A lecture on terrorism and the Palestinian-Israeli conflict by Joseph Massad, associate professor of modern Arab politics and intellectual history at Columbia University, was marked by a tense question and answer session that was cut short at the suggestion of Vice President Maurice Eldridge ’62. Friday’s lecture was the keynote event of the inaugural conference of the Palestinian Student Society of America, which brought over 60 Palestinian students to campus.
Massad’s talk entitled “The Opposite of Terror: Notes from the Settler Colony,” discussed the use of the term “terror” and its relationship to power structures.
“Terror is a name that is never assumed but always rendered … Terrorist identities remain contested terrains, controlled by an enemy in power who controls the mode of representation,” Massad said. “In the case of the terrorist, it is the other, the enemy, who defines the identity of the terrorist.”
Massad argued that the term “terrorist” has been subjectively applied to Palestinians in the context of United States foreign policy as justification for “Israeli oppression,” adding that he does not endorse suicide bombings as a viable tactic for achieving a one-state solution.
However, Massad sharply criticized the Bush administration’s deployment of political rhetoric to establish “binaries of good and evil.” Massad further suggested that Bush’s “Axis-of-Evil” constitutes an “involuntary coercive club, into which members are forced by the peremptory dictate of the United States government.”
Massad has been flagged by the American media as a controversial and provocative presence in the current academic discourse on the Arab-Israeli conflict.
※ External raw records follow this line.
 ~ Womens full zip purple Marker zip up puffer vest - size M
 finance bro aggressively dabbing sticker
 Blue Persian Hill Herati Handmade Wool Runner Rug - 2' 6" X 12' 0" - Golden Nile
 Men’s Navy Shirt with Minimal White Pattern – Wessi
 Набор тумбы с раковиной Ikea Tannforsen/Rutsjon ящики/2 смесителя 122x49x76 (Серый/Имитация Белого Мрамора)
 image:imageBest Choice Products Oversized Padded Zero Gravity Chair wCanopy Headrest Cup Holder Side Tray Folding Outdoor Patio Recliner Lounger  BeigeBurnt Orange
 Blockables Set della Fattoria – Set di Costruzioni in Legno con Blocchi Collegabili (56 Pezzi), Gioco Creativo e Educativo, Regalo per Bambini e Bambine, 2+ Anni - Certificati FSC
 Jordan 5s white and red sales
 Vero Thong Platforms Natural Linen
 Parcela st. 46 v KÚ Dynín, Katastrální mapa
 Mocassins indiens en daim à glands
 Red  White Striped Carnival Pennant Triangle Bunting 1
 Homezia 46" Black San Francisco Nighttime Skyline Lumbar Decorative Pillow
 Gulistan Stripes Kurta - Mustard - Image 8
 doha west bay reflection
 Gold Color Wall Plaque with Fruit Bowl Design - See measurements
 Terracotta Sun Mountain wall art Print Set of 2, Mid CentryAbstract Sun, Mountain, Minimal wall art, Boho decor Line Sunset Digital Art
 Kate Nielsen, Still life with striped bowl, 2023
Evidence of ideological tensions surfaced in the question and answer session immediately following the talk.
Several audience members from outside the immediate college community posed questions that some students felt were excessively confrontational and at times combative. “I felt that a lot of people who attended brought questions that articulated a specific agenda,” David Pupkin ’09 said. “They clearly hadn’t come to listen to Massad.”
After a particularly combative question describing Middle Eastern cultures as cannibalistic, Eldridge stood up in an attempt to placate the audience member and shortly thereafter sat down next to the event’s organizer, Sa’ed Atshan ’06, to “suggest that we draw it to a close.”
“While I don’t want to be perceived as a censorial ‘big bad wolf,’” Eldridge said, he intervened out of an “obligation to keep the tension under control.”
“The speaker was invited to speak, not debate, and there is a point at which questions go beyond attempting to get clarification, to the extent that they take on a challenging tone and assert a counterpoint that the questioner had in mind all along,” Eldridge said.
Eldridge added that he was “impressed by how well Massad handled the argumentative questions.”
Atshan claims that although Massad has been labeled as controversial in the past, he was still an appropriate speaker for the weekend.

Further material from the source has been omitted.